* **INFORMATION SHOWN**
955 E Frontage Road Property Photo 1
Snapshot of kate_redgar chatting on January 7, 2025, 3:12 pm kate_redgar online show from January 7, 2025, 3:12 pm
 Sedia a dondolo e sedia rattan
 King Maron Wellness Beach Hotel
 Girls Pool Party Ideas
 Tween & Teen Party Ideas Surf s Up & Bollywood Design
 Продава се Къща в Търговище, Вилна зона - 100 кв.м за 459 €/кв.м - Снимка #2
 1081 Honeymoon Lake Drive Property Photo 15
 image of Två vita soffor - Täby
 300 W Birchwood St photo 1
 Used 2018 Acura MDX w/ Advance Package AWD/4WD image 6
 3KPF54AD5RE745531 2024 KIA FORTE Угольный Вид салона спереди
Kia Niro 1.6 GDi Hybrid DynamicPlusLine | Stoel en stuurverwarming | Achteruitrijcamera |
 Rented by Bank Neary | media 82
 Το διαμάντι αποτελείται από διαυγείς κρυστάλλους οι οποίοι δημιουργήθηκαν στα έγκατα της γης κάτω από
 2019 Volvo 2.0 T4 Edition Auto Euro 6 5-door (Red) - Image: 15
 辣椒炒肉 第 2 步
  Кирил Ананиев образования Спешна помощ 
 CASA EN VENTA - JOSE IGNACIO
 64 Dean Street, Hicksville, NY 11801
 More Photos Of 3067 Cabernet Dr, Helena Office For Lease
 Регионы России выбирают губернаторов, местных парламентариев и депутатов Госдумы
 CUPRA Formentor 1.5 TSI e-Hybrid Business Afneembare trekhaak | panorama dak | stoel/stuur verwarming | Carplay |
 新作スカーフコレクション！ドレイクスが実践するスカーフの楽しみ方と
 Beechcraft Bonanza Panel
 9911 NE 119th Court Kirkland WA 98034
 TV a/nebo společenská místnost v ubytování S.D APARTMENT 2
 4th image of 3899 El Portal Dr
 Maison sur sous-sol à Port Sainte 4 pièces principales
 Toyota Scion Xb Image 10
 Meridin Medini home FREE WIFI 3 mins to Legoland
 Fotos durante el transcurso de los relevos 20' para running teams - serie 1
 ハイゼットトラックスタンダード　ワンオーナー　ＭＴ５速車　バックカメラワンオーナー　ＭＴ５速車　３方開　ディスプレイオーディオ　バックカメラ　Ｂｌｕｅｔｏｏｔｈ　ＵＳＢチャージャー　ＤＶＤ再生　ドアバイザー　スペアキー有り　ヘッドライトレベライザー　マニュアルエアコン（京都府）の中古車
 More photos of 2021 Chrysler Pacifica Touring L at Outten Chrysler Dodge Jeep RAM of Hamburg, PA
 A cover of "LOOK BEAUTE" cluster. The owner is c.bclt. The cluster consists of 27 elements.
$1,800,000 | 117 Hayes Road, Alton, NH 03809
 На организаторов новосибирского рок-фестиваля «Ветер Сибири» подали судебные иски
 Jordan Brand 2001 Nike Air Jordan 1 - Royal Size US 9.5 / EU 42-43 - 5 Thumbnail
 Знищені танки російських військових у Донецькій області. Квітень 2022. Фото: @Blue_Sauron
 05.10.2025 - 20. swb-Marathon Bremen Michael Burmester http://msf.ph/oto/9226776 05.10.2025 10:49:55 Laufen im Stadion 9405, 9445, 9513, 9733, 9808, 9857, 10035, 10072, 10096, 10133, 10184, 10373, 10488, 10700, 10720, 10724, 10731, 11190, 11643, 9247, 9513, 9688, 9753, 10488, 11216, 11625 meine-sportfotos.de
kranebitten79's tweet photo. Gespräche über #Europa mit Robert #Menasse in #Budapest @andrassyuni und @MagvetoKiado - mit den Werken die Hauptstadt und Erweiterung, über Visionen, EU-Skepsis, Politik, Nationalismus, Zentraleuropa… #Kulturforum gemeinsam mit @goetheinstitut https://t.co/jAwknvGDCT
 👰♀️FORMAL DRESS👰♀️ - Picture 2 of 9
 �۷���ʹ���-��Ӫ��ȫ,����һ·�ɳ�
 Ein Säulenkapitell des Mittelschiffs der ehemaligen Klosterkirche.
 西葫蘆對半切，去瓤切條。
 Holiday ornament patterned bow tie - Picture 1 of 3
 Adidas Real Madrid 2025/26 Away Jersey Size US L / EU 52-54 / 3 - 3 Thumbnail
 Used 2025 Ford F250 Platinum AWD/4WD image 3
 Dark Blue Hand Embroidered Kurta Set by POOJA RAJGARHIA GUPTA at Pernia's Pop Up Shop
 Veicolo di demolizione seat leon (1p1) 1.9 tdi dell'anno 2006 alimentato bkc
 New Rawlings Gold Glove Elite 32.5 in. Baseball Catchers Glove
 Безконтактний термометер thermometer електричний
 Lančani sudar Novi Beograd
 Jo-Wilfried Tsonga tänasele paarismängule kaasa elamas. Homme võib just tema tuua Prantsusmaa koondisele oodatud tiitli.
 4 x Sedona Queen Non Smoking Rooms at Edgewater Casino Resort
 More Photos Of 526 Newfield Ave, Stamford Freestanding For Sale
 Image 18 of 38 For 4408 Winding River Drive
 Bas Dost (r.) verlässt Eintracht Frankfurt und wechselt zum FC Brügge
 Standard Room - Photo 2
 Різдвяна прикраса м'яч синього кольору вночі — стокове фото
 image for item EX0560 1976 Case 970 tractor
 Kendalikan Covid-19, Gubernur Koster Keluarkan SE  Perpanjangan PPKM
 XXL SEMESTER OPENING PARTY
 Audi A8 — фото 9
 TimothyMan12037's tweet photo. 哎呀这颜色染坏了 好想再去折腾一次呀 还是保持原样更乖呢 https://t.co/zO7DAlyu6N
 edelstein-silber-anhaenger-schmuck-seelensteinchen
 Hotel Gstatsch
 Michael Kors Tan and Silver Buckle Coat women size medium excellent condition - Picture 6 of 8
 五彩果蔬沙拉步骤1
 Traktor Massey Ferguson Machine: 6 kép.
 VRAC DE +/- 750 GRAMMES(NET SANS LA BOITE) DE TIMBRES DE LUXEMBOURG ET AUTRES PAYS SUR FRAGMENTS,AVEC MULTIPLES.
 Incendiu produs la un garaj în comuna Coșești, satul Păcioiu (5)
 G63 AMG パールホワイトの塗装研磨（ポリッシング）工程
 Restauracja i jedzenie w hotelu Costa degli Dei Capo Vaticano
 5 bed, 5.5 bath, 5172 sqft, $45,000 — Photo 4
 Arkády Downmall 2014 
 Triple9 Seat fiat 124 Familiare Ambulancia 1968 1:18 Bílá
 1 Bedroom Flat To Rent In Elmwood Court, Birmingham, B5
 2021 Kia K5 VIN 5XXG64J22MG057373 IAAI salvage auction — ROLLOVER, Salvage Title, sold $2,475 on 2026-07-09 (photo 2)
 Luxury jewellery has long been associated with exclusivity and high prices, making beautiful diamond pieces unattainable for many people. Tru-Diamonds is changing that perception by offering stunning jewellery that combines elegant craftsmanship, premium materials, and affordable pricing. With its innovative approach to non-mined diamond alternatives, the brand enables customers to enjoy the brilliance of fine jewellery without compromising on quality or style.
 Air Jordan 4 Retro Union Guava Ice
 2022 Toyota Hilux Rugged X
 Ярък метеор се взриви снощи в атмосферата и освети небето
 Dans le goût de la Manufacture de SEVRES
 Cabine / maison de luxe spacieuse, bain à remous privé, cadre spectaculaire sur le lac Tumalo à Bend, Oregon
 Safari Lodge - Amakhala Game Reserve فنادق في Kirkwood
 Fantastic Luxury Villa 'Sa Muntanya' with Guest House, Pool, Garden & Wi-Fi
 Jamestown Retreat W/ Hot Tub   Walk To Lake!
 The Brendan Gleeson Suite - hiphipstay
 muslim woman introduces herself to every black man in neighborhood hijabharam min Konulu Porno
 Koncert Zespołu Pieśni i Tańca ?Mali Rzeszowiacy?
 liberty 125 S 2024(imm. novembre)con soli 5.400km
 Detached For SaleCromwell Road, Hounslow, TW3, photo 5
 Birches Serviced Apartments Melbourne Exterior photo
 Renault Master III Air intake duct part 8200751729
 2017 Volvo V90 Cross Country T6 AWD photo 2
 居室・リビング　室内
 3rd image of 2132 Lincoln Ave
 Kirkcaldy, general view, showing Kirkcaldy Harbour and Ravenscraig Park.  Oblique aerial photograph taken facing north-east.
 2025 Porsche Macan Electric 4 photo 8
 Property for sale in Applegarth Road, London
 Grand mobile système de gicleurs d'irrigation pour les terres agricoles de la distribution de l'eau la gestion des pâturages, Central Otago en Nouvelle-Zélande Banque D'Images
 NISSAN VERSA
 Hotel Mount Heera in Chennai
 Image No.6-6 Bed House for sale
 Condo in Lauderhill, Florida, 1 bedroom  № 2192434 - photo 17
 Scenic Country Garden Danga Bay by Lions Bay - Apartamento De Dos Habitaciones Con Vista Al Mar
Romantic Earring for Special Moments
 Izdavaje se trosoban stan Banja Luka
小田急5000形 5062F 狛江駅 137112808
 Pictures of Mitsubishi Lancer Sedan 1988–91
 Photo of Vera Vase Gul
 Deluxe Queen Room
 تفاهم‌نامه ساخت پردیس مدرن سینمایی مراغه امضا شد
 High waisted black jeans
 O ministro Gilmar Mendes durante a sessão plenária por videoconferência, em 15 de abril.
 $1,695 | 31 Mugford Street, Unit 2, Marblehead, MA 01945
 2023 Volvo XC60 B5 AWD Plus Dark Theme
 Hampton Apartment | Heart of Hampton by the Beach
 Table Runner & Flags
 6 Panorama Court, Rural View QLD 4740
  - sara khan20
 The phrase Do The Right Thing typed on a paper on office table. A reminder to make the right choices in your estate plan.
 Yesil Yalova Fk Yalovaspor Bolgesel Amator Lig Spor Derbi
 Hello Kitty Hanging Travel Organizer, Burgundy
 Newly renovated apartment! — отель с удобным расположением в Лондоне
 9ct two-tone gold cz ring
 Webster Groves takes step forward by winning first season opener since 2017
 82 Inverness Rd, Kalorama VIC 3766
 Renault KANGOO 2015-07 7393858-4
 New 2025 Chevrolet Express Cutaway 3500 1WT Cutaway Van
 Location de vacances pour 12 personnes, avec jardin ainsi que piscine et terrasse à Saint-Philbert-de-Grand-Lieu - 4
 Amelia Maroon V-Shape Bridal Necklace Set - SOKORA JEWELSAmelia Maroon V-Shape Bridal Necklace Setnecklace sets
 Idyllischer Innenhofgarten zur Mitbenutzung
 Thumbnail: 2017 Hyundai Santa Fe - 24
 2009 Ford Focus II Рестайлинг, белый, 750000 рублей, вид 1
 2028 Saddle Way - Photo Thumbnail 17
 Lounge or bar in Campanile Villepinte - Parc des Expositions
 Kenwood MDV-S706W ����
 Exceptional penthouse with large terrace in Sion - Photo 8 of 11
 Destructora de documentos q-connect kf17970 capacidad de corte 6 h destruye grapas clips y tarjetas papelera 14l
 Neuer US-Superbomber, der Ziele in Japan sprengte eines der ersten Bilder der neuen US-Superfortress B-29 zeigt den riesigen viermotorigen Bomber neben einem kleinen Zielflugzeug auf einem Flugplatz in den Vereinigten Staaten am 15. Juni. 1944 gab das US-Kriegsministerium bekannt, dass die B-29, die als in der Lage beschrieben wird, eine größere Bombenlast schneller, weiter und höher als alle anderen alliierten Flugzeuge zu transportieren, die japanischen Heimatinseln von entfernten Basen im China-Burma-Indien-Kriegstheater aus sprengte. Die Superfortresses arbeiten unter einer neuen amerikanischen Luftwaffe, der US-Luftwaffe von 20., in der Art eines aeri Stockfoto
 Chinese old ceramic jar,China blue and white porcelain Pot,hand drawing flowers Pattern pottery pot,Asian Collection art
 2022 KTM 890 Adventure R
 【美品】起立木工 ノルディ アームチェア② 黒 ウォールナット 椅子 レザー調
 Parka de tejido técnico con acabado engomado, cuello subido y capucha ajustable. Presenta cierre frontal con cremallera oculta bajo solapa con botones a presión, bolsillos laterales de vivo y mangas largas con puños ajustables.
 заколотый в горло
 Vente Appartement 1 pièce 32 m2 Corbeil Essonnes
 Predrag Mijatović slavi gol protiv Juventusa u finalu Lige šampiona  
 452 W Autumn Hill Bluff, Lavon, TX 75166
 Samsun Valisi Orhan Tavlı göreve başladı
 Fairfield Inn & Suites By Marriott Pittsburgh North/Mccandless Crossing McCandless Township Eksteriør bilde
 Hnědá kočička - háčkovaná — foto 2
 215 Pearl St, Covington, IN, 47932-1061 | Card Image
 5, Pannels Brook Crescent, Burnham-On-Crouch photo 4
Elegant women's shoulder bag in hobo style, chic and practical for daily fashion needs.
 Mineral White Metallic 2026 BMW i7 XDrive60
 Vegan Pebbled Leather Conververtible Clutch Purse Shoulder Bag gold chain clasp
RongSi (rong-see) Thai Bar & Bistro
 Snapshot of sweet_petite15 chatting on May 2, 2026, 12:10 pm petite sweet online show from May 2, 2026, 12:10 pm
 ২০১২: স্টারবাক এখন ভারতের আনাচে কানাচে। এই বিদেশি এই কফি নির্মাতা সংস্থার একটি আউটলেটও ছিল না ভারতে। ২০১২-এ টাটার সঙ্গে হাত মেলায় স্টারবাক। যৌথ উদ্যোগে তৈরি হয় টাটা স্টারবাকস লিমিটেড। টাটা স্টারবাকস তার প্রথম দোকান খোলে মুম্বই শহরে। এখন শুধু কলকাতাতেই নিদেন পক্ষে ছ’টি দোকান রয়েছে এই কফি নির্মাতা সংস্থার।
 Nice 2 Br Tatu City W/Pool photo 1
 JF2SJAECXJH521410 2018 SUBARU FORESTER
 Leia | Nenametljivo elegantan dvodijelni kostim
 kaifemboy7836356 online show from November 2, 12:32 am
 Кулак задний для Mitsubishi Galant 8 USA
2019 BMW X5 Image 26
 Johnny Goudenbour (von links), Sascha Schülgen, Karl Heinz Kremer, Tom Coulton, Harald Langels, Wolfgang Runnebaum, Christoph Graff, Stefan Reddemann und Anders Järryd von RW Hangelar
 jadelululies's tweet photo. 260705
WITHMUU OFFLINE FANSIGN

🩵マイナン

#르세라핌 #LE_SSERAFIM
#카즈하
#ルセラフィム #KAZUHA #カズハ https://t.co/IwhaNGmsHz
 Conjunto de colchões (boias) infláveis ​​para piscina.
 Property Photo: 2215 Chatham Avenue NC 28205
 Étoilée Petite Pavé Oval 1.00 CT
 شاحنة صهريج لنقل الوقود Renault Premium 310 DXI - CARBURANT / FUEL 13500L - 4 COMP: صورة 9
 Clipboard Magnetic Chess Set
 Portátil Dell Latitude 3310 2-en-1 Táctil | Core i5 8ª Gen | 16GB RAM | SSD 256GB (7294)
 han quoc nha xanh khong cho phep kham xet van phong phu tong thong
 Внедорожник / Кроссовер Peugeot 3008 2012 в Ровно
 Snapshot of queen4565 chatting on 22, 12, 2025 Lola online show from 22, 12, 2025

* **ACTIVITY**
Whenever the string "pour" occurs in a line of the entries above, copy that line.

* **ANSWER**
 Grand mobile système de gicleurs d'irrigation pour les terres agricoles de la distribution de l'eau la gestion des pâturages, Central Otago en Nouvelle-Zélande Banque D'Images
 Location de vacances pour 12 personnes, avec jardin ainsi que piscine et terrasse à Saint-Philbert-de-Grand-Lieu - 4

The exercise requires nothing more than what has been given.